Сколько себя помнила, Зинаида Пчель работала школьной учительницей. «Словесность — разборчивая невеста, — начинала она свой первый урок в неизменно отутюженной, накрахмаленной сорочке под твидовым пиджаком. — Она уступает только достойнейшим». Ученики кивали, склонившись над тетрадями, так что казалось, будто они скребут парты носом, но сама учительница давно не верила в свои слова. «Жизнь проще книг, — навалившись на стол грудью, от которой распахивался халат, черкала она красным карандашом тетради с домашними сочинениями. — Жизнь проще, потому что ее автор мудрее». С классом Зинаида легко находила общий язык, но не встречала понимания.
— Все живут врозь, у каждого свой городок в табакерке, — диктовала она, гадая про себя, хорошо это или плохо.
— Табачок, — поправляли ее. — В табакерке у каждого свой табачок.
Ее лицо принимало виноватое выражение, она тут же соглашалась, отмечая, что надежды на понимание школьниками ее аллюзий лежат в области ее иллюзий.
Зинаида Пчель слыла синим чулком, у нее не было любимчиков, так что «двойки» сыпались дождем на всех без исключения. «Эй, там, на камчатке! — поднимала она из-за дальней парты. — Дневник на стол! И быстрее, вы что, русский язык не понимаете?» Поправляя у классной доски строгую клетчатую юбку, Зинаида Пчель с серьезным видом чертила мелом фамилии известных писателей, недоумевая про себя, почему в ее список попали те, а не другие. «Игра в классики», — выводила она очередное имя, а на выпускном балу раскрывала закон жизни:
— Главное, идти в ногу со временем, не спотыкаясь о вечные вопросы.
— А что такое вечные вопросы? — спрашивали ее выпускники.
— То, что мы проходили, — вздыхала Зинаида Пчель и думала, что учила их правильно, что у них теперь есть шансы занять место под солнцем, раз они так и не научились понимать русский язык.
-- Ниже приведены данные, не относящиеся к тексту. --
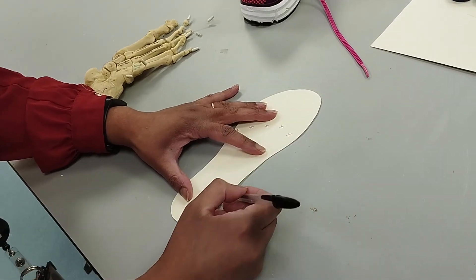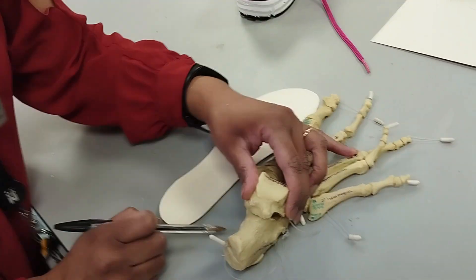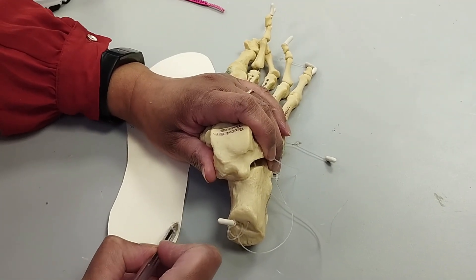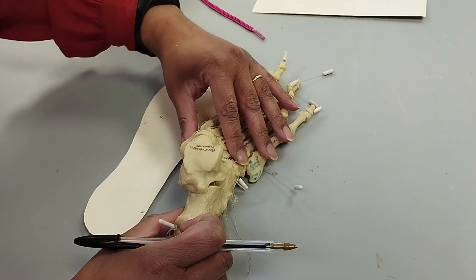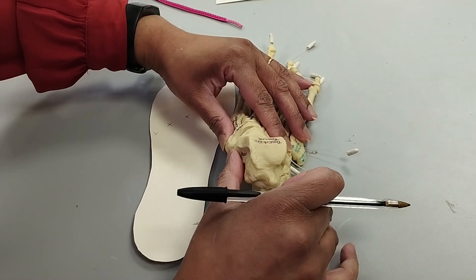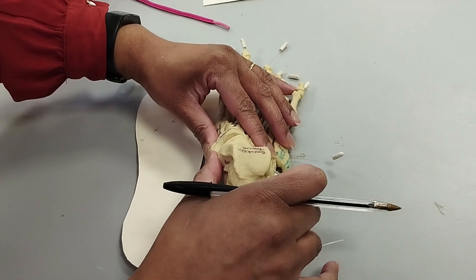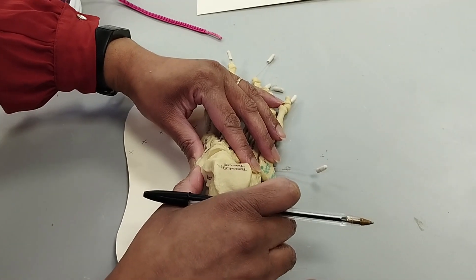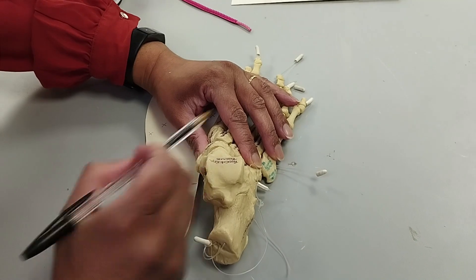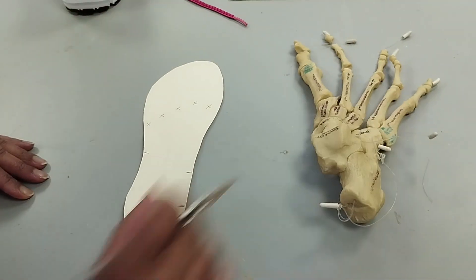You then need to locate the medial tubercle of the calcaneus — it sits right at the back of the template, in line with the medial border. For the talonavicular joint, on a patient you would palpate by placing your thumb along the medial border; as you come to a bony notch, that's the navicular, and just behind that is the talonavicular joint. The styloid process sits on the opposite lateral side, about a centimetre higher than the talonavicular joint.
Долгими зимними вечерами, когда сиреневый сумрак плыл в низкое окно, Зинаида Пчель сочиняла рассказы. Это было ее тайным увлечением, о котором не знала даже сестра. Раз в месяц Зинаида, аккуратно запечатав, отправляла с почты большой конверт, на котором выводила адрес редакции — каждый раз новой. И на ту же почту конверт каждый раз возвращался нераспечатанным. По дороге домой Зинаида разрывала его в клочья и выбрасывала в зиявший за пригорком овраг — подальше от глаз сестры. Получив отказ, она не плакала, только крепче сжимала кулаки, а ее губ было не разжать. О своем рассказе она сразу забывала, будто его никогда и не существовало, а дома тотчас приступала к новому, замысел которого созревал у нее по дороге. Писала Зинаида быстро, презирая черновики, которые оставляла бесталанным, сразу набело, так что прежде чем лечь в постель, успевала поставить точку. Разглаживая складки, она тщательно стелила простынь, взбивала подушку и засыпала в счастливом удовлетворении, будто занималась любовью.